SELECT TOP n, where n > total

Jaymond Flurrie

Well-known Member
Joined
Sep 22, 2008
Messages
919
Office Version
  1. 365
Platform
  1. Windows
Should be an easy question: If I want top 100000 records and the source happens to have only, say, 100 records, do I need to check something or is SQL smart enough to understand that it takes smaller of these two (either that top ( = 100000) or then everything (= 100))?

The idea is that I want no more than 100000 records as the result and if the source happens to have more, I pull out just a sample of 100000 and I thought to use "SELECT TOP 100000 * FROM customers ORDER BY NEWID()" to accomplish this. Can you spot any possible problems with this?

edit. Another question to continue this a bit is that can I order them by CustomerID as well? I mean, let's say I have only five customers there and I execute the "NEWID"-lottery, getting the table like
1 5
2 3
3 4
4 2
5 1

where on left is CustomerID and on right is the NEWID. I get as the result 5,4,2 and I would like to have them as 2,4,5. What's the smartest way to rearrange them?
 
Last edited:

Excel Facts

Format cells as date
Select range and press Ctrl+Shift+3 to format cells as date. (Shift 3 is the # sign which sort of looks like a small calendar).
I tried this:

"SELECT TOP 50 CustomerID FROM [customers$] ORDER BY NEWID()"

and it says "Undefined function 'NEWID' in expression"

What's the way to pick a random sample? I'm actually using Excel 2010 with "Microsoft ActiveX Data Objects 2.5 library" so this might be slightly out of Access topic, but I just thought that since this is a database question this would fit here.

edit.

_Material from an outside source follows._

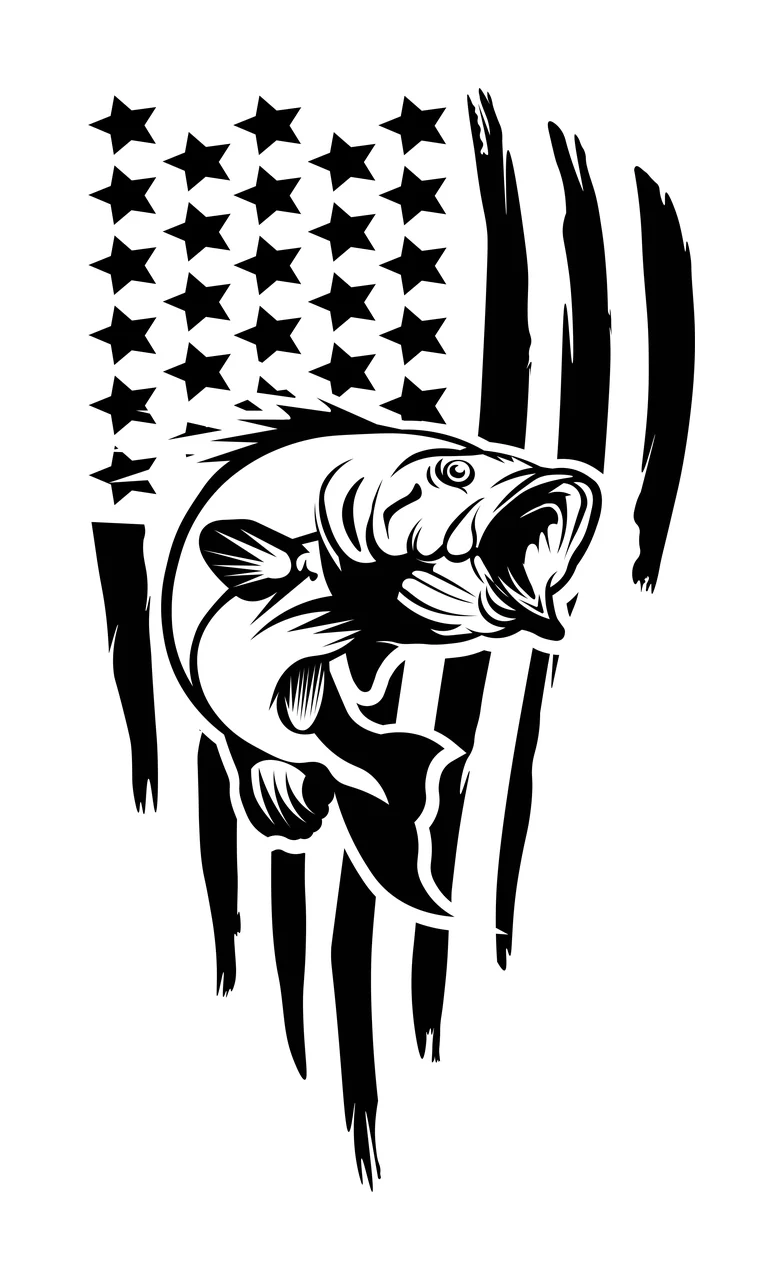 Fish Leaping Before Stars And Stripes silhouette black white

I tried this:
"SELECT TOP 50 CustomerID FROM [customers$] ORDER BY rnd(CustomerID)"

It gives "Invalid use of Null"-error.
 
Last edited:
Upvote 0
I'm trying now with IS NOT NULL


(sorry for the needless bumping, but this forum was clearly supposed to work that way with the limitation of editing messages.)
 
Upvote 0
Where did NEWID() come from?

I've never heard of such function in Access or ADO, is it something you've created.

As for the ORDER BY rnd(CustomerID), I'm pretty sure you need a field there not just a value.

Mind you, in some versions of SQL you can specify the index number of the field to sort by based on it's position in the list of fields the query will return.

Anyway back to the actual question, I'm afraid I don't quite understand what you mean.

If you specify to return the top N records, and there are X records where N is larger than X then only X records will be returned.

Or is it perhaps that you want to return 100000 records from 100 records?
 
Upvote 0
Where did NEWID() come from?

I've never heard of such function in Access or ADO, is it something you've created.

As for the ORDER BY rnd(CustomerID), I'm pretty sure you need a field there not just a value.

Mind you, in some versions of SQL you can specify the index number of the field to sort by based on it's position in the list of fields the query will return.

Anyway back to the actual question, I'm afraid I don't quite understand what you mean.

If you specify to return the top N records, and there are X records where N is larger than X then only X records will be returned.

Or is it perhaps that you want to return 100000 records from 100 records?

The NEWID() works in some SQL-versions, but seems like in Access/Excel/VBA/AdoDB rnd is the way to go. CustomerID is a field and it seems to pick those correctly now.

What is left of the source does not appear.